* [Prompt]:
Please copy the lines below, exactly as they are, from the one with "Adidas Sportbroek zwart / wit" through the one with "Cooler Master Ltd", and leave out the pictures.

* [Extracted records]:

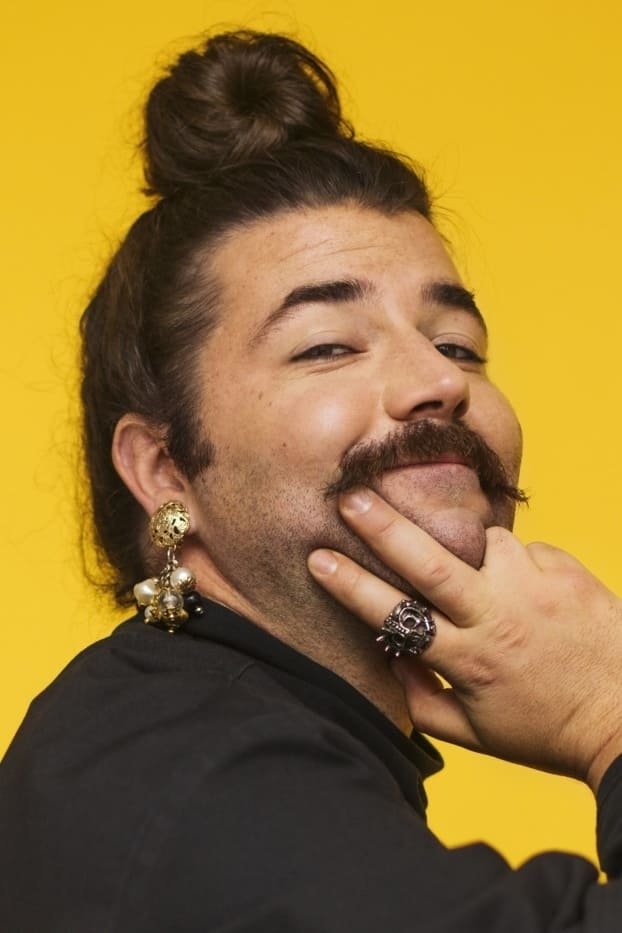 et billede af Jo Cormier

* * *

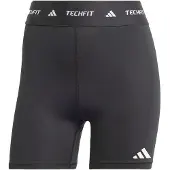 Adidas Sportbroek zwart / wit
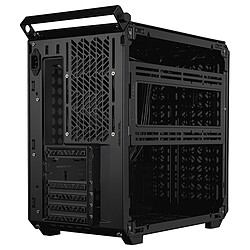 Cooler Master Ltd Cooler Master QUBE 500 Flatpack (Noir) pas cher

* [Solution for this exercise]:
 Adidas Sportbroek zwart / wit
 Cooler Master Ltd Cooler Master QUBE 500 Flatpack (Noir) pas cher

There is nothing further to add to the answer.